■ Collected data ■
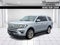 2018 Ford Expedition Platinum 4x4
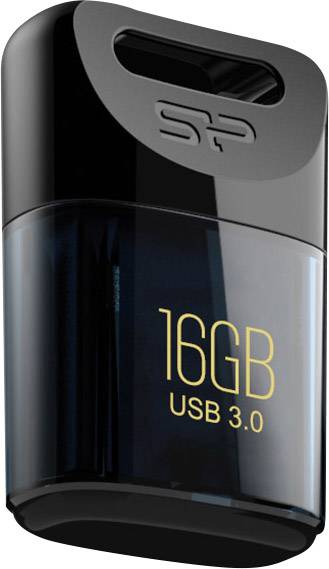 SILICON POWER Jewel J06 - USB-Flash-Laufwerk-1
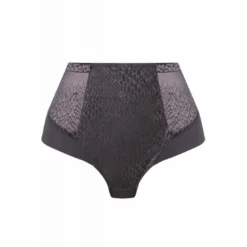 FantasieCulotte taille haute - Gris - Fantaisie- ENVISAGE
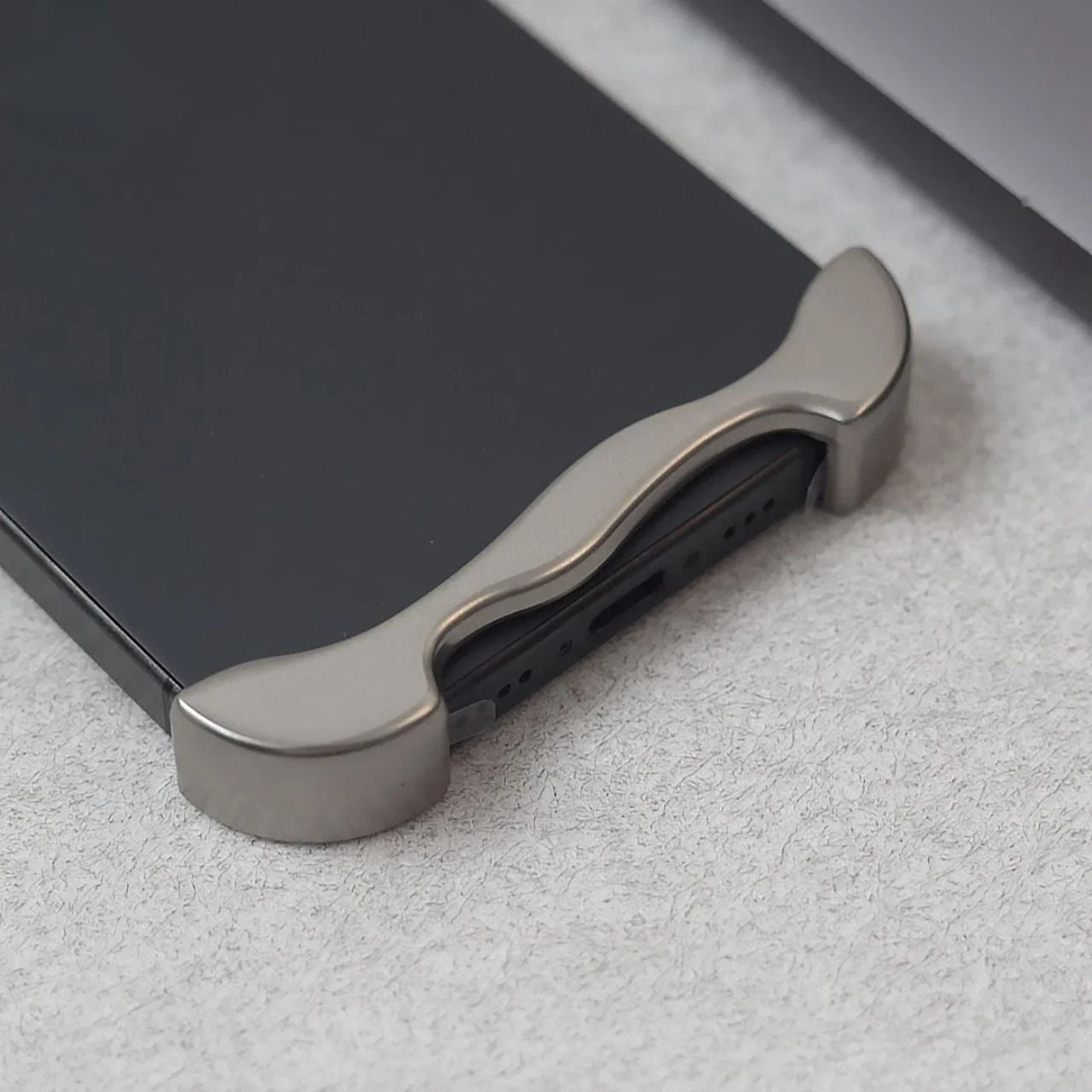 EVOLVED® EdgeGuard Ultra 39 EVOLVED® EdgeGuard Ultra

■ Task directions ■
Your copy should match the material above exactly, minus its pictures.

■ Your response ■
 2018 Ford Expedition Platinum 4x4
 SILICON POWER Jewel J06 - USB-Flash-Laufwerk-1
 FantasieCulotte taille haute - Gris - Fantaisie- ENVISAGE
 EVOLVED® EdgeGuard Ultra 39 EVOLVED® EdgeGuard Ultra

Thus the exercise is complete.